Get a GPU machine for pushing models
GPUs are specialized processors that are designed to handle complex mathematical calculations. Many machine learning models will only run on a computer with a GPU. While GPUs are incredibly powerful, setting up a machine that can use them can be challenging. GPUs require specific drivers and software to work properly, which can be difficult to install and configure.
In this guide, you’ll learn how to get your own GPU machine in the cloud, so you can package your model and push it to Replicate.
Sign up for Lambda Labs
Lambda Labs is a cloud provider that offers GPU machines that come preconfigured with Docker and NVIDIA drivers, which makes them a great fit for working with Cog.
Create a GPU Cloud instance
Once you’ve got a Lambda account, create a new GPU Cloud instance. You’ll be asked to specify three settings:
- Instance type: This is the type of machine you want to use. For example,
1x A10 (24 GB PCIe). Start by choosing the smallest instance type. You can upgrade to a larger instance type later if you need more power.
- Region: This is the geographical location of the machine. For example, “California, USA (
us-west-1)”. Choose the region closest to you.
- Filesystem: This is not strictly required, as your instance will still have an ephemeral writeable filesystem, but if you want to be able to shut down your instance and come back to it without losing your changes on disk, you’ll need to attach a filesystem.
Add your public SSH key
Next you’ll be asked to provide your public SSH key so you can easily log into your new instance using SSH. If you’ve already set up your SSH keys for another service like GitHub, you can use your existing public key. Use a command like this to copy your public key to your clipboard:
cat ~/.ssh/id_ed25519.pub | pbcopy
If you don’t have one already, check out GitHub’s docs for generating an SSH key.
Launch your instance
Your GPU Cloud instance will be launched in a few minutes. Once it’s ready, you can access it through SSH or JupyterLab.
To SSH into your instance, copy the “SSH login” command from your Lambda dashboard, then run it:
To access your instance using JupyterLab, click the “Launch” button beside your new instance in the Lambda dashboard.

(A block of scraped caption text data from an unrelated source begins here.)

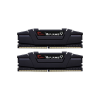 G.Skill 16GB DDR4 3600Mhz Kit(2x8GB) Ripjaws V Black (F4-3600C18D-16GVK)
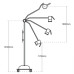 Surgilite Examination Lights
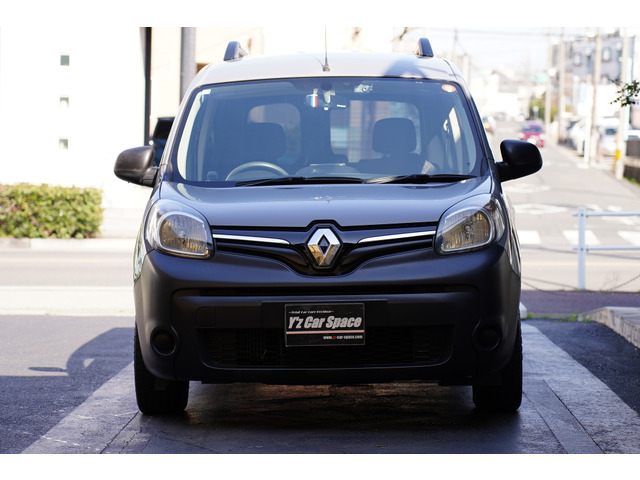 ルノー カングー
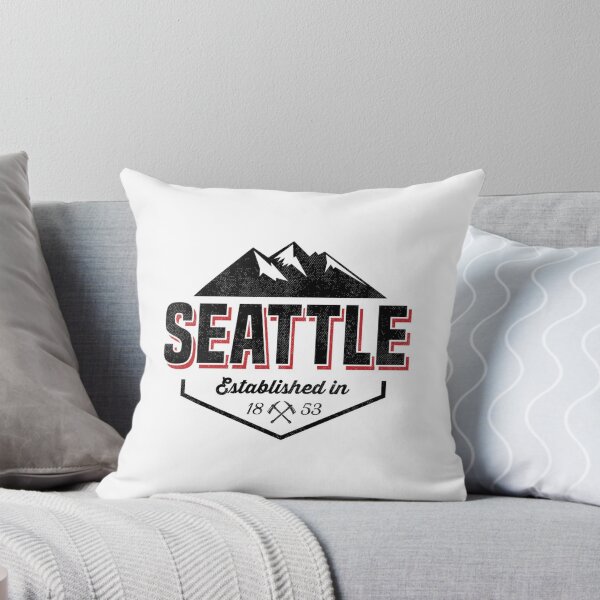 Item preview, Seattle vintage logo designed and sold by Conink.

Install Cog on your instance
Cog is Replicate’s open-source tool that makes it easy to put a machine learning model in a Docker container. Cog is the tool you use to package your trained model and push it to Replicate.
Using the terminal (either from your SSH sesion or inside JupyterLab), run the following command to install Cog on your instance:
sudo curl -o /usr/local/bin/cog -L https://github.com/replicate/cog/releases/latest/download/cog_`uname -s`_`uname -m`
sudo chmod +x /usr/local/bin/cog
Run an existing model
To verify that your new instance is working properly, you can run a prediction on an existing model on Replicate.
Run the following commmand in the terminal to download the Stable Diffusion model and run it locally on your new instance:
sudo cog predict r8.im/stability-ai/stable-diffusion@sha256:f178fa7a1ae43a9a9af01b833b9d2ecf97b1bcb0acfd2dc5dd04895e042863f1 -i prompt="a pot of gold"
👆 Note: It’s important to use
sudo here so Cog can work properly with the Docker installation on your instance.
Use JupyterLab to view model output
JupyterLab is a web-based editor that makes it easy to run models interactively and view the files on your instance. Lambda’s GPU Cloud instances are preconfigured with JupyterLab.
To access JupyterLab, click the “Launch” button beside your new instance in the Lambda dashboard.
You should see your output file in the JupyterLab file browser. Click on it to view the output.
Push your model to Replicate
You’ve now got a working GPU machine in the cloud!
Now it’s time to build your own model and push it to Replicate.
Terminate your instance
Lambda’s GPU Cloud instances remain active until you terminate them, so you’ll be charged for them until you shut them down. To terminate your instance, go to the Lambda dashboard and click “Terminate” on your instance.